Differing views on latest CCCFA reforms
There are some differing views on the latest CCCFA changes announced this week, but one thing sector players agree on is that "the devil will be in the detail."
Friday, September 6th 2024, 11:25AM
FinCap disappointed in safe lending changes
FinCap is disappointed that the Consumer Affairs Minister has indicated changes to current legislation that could lead to directors and senior managers no longer being held personally liable for breaches of the Credit Contracts and Consumer Finance Act (CCCFA).
Currently, a director or senior manager can be fined up to $200,000 if their bank or finance company has inadequate processes in place to ensure it lends responsibly.
FinCap senior policy advisor Jake Lilley says financial mentors have observed that the due diligence duty and personal liability settings are likely a factor in lenders across small and large institutions taking community concerns about potential CCCFA breaches more seriously.
"We have recognised less irresponsible lending since the introduction of the due diligence duty and personal liability for decision makers at lenders," he says.
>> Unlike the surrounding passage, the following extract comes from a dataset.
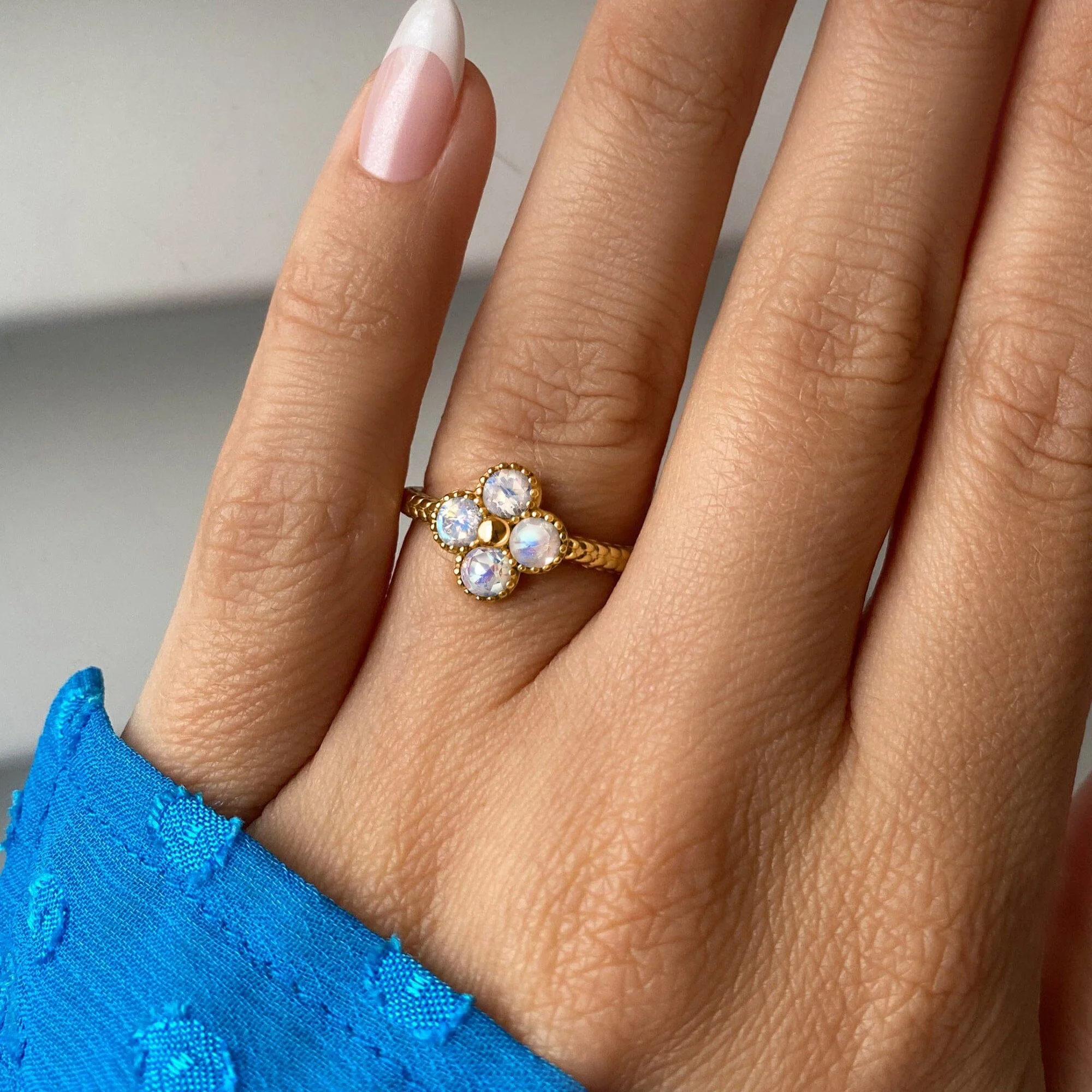 Lucky Me Ring - Moonstone - Image 12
FinCap is also disappointed that the Minister’s earlier view that high-cost credit provisions should be lowered to contracts with 30% per annum interest has not transpired.
"Loans with over 30% per annum interest are high cost for most whānau and especially for those seeking financial mentor’s support.
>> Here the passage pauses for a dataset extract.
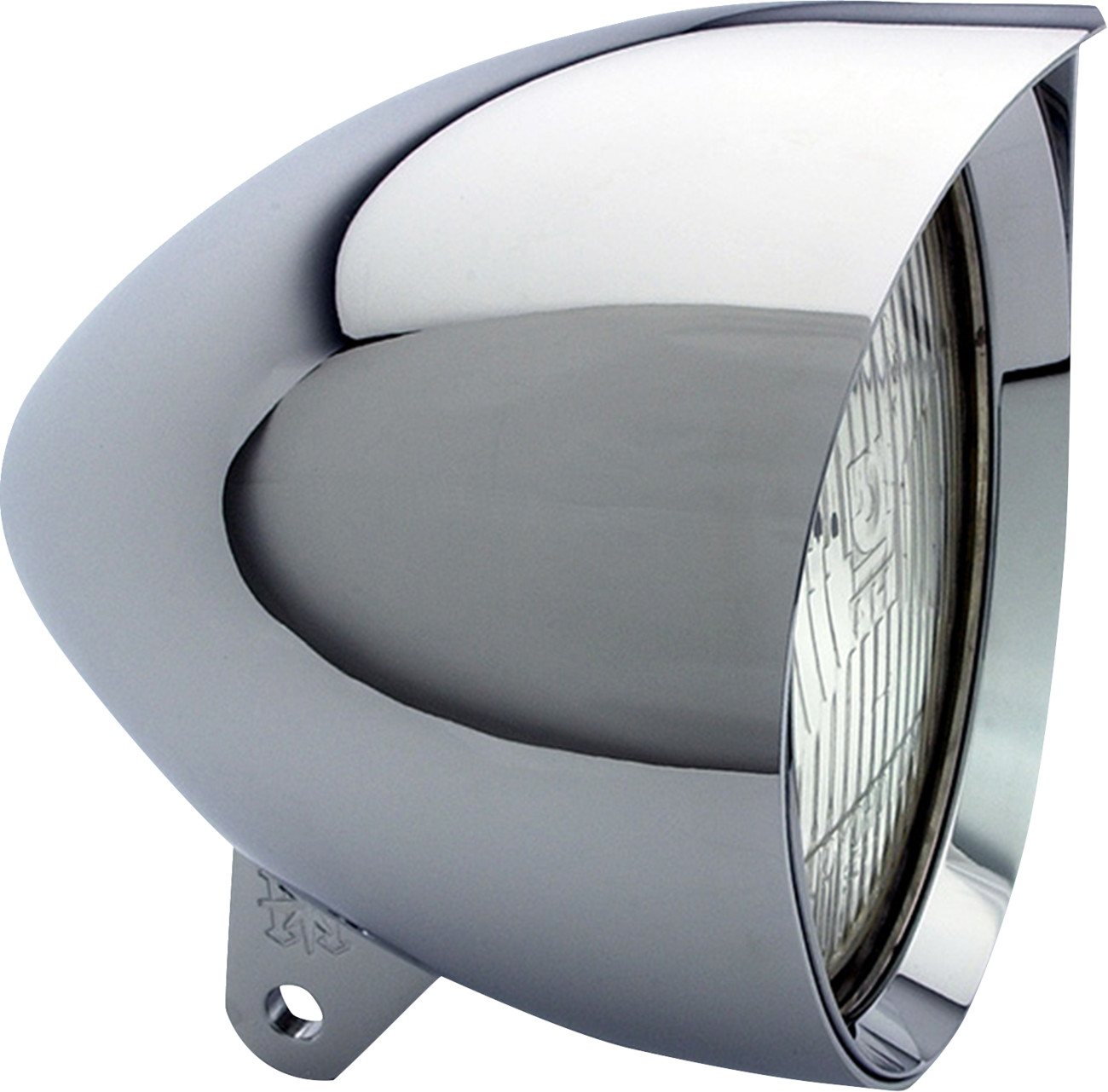 Headwinds Headlight Housing - 4-1/2" - Vampire Concours Bullet - Chrome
However, we are pleased to see the high-cost credit protections endure through a change of Government. These are preventing a repetition of some of the most egregious and predatory lending from the past.
"FinCap will continue to work closely with regulators and encourage borrowers and their financial mentors to reporting irresponsible lending to the relevant regulator."
Meanwhile, Cabinet has also agreed to require consumer credit lenders to hold a licence with the Financial Markets Authority (FMA).
Lilley says FinCap supports this move.
"We believe licensing will allow the FMA to prevent irresponsible lending practices in a more timely manner. Now is also a good time to improve regulator visibility of debt collection markets through licensing.
"We want regulators to keep an eye on debt collectors and to prevent harrasment or coercion to meet unreasonable demands for payment that can potentially lead to child poverty."
Specialist lenders welcome financial reforms announcements
The Financial Services Federation (FSF) welcomes the Government’s announcement on further plans to make it easier for Kiwis to access responsibly-provided credit when they need it.
“Removing the substantial and unindemnifiable personal liability of directors and senior managers of consumer credit providers is a step in the right direction, says FSF Executive Director, Lyn McMorran.
“We support fair and robust enforcement penalties, however this has impacted the risk appetite for lenders and competition to banks, particularly for smaller lenders, as a $200,000.00 fine is a substantial personal liability for a director or senior manager of a small finance company.
“It’s ended up being a deterrent for good people to enter the sector and those already there to put their hand up for senior roles. It has not served New Zealand’s financial services system well, especially when we need to be boosting an environment for competition, and we are pleased that the Government is addressing this.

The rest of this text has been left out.